What is needed: Directions for the data below: repeat exactly the lines from the one with "Allen Robinson warms up before a game" through the one with "Photo 6 — 510 Mesilla Street SE 1-4", both included, and omit all pictures.

Extracted material:

=== Section Start ===

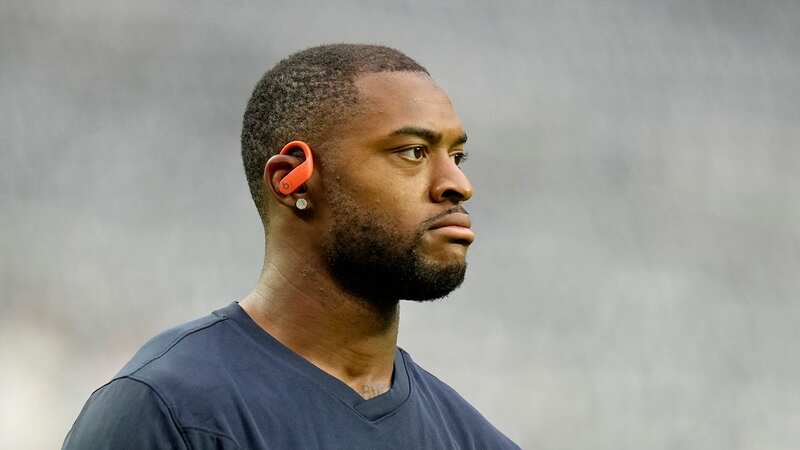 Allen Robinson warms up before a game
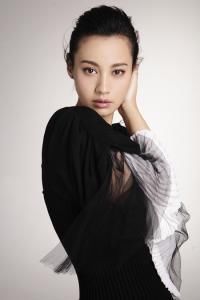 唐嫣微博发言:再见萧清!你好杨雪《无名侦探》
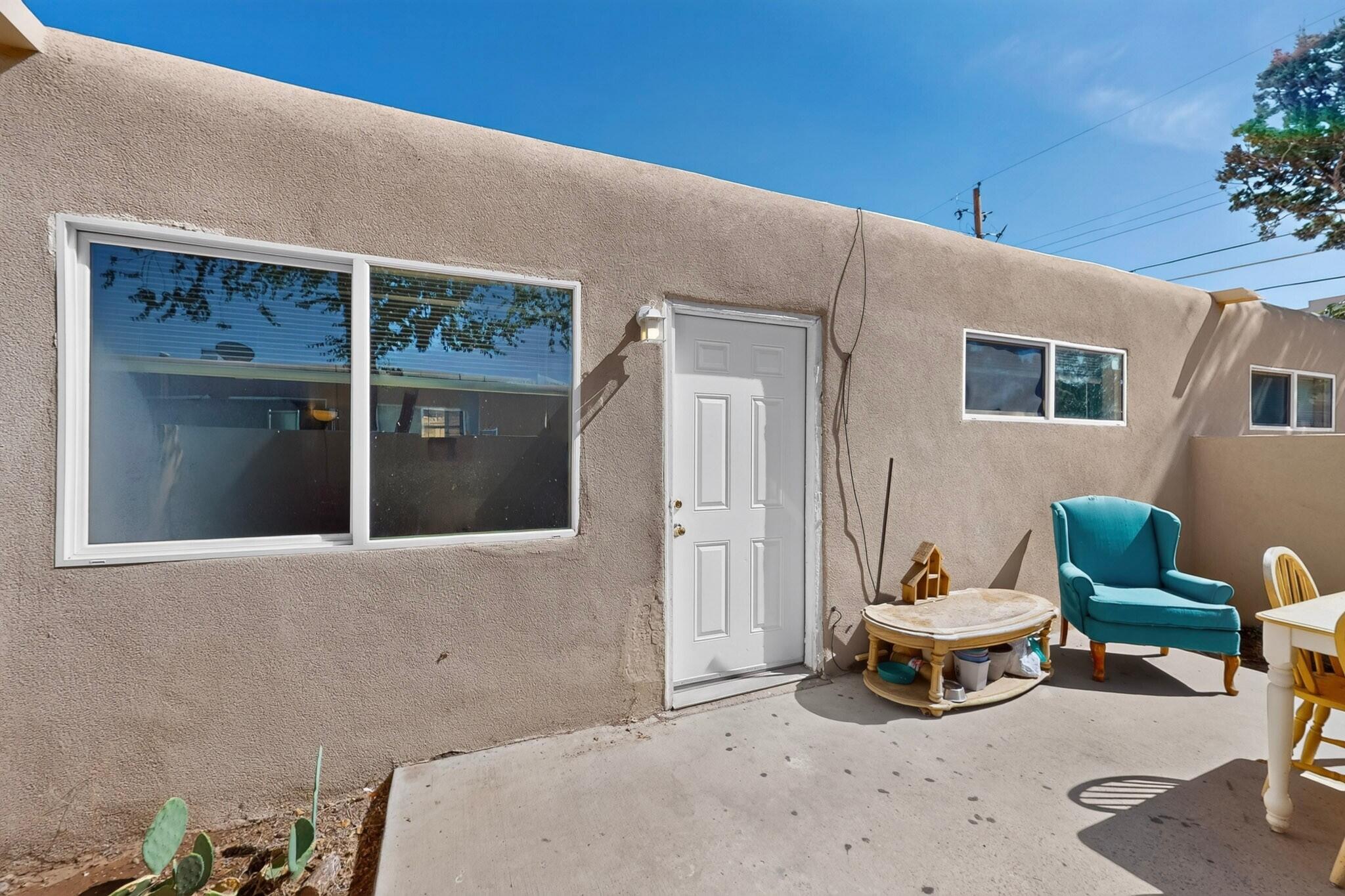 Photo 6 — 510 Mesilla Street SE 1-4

=== Section End ===
=== Section Start ===

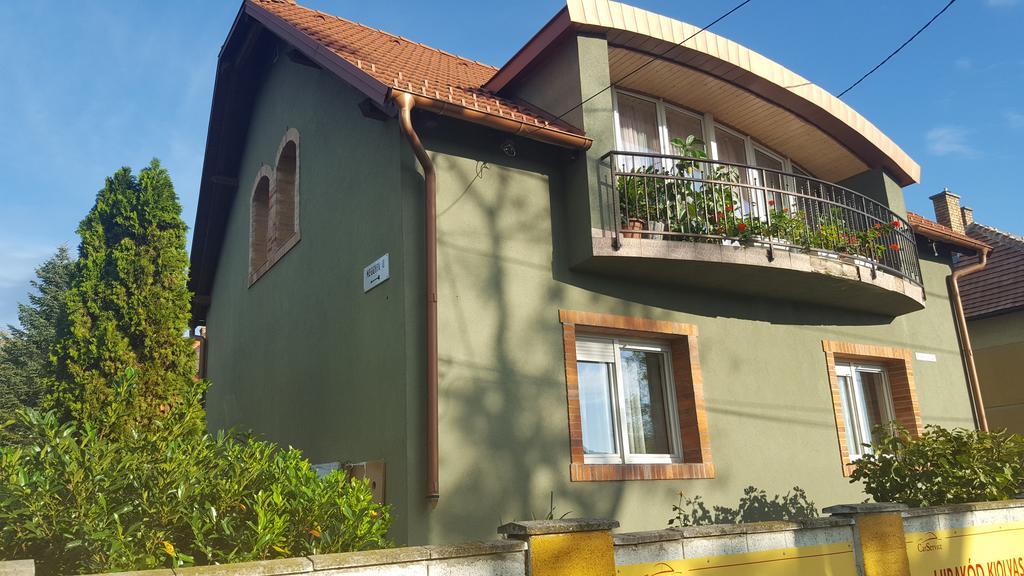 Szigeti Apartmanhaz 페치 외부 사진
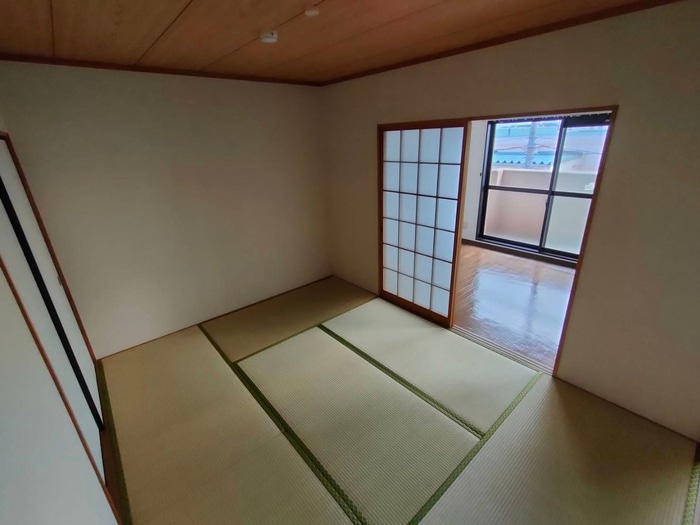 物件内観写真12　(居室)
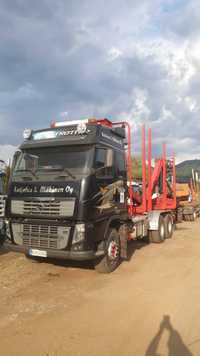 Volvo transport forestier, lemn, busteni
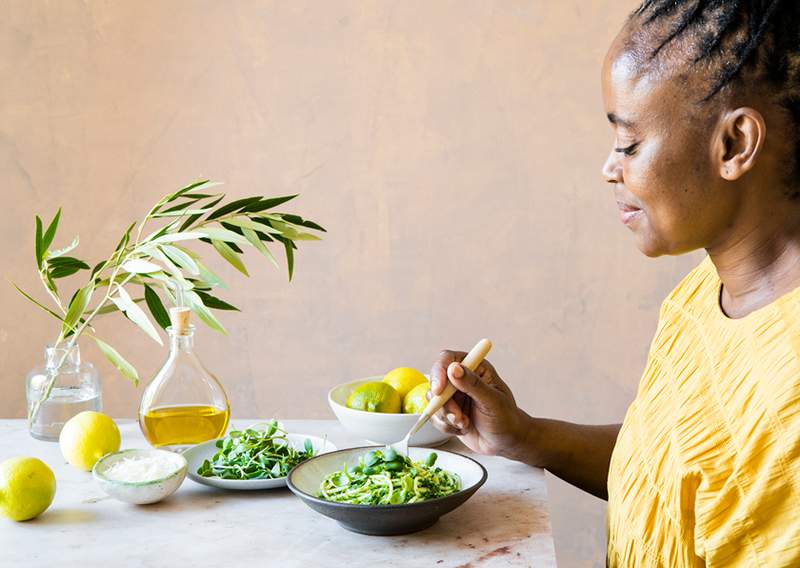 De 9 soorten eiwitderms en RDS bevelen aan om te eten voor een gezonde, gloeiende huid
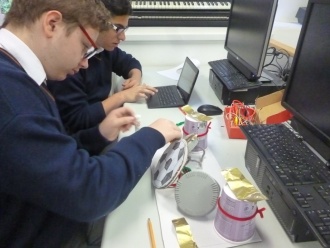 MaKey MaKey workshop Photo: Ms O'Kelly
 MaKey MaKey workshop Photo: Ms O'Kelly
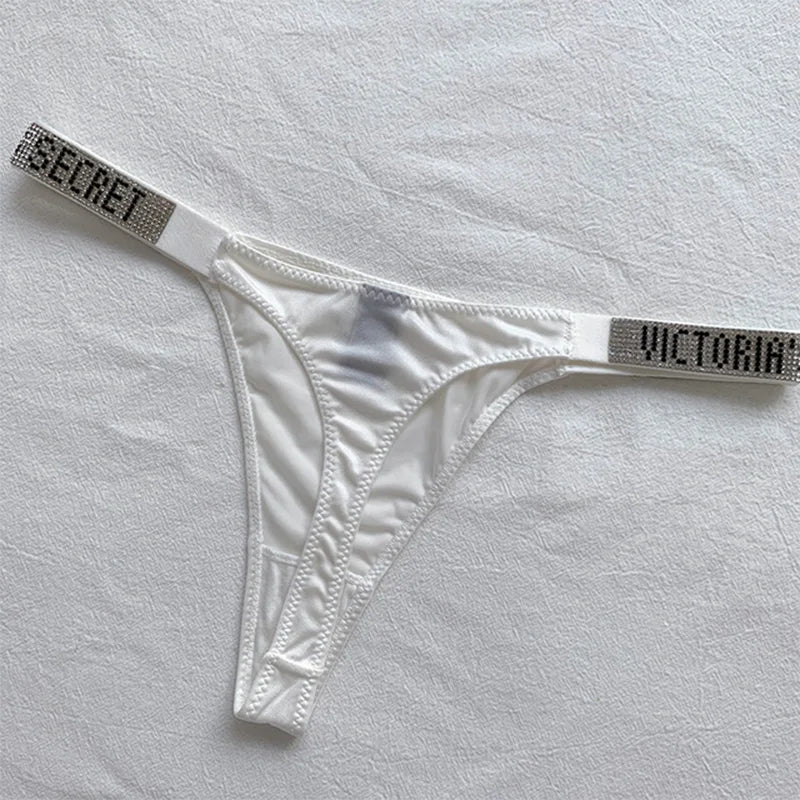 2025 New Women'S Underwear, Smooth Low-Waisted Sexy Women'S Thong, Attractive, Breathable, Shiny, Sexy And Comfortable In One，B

=== Section End ===

Reply:
 Allen Robinson warms up before a game
 唐嫣微博发言:再见萧清!你好杨雪《无名侦探》
 Photo 6 — 510 Mesilla Street SE 1-4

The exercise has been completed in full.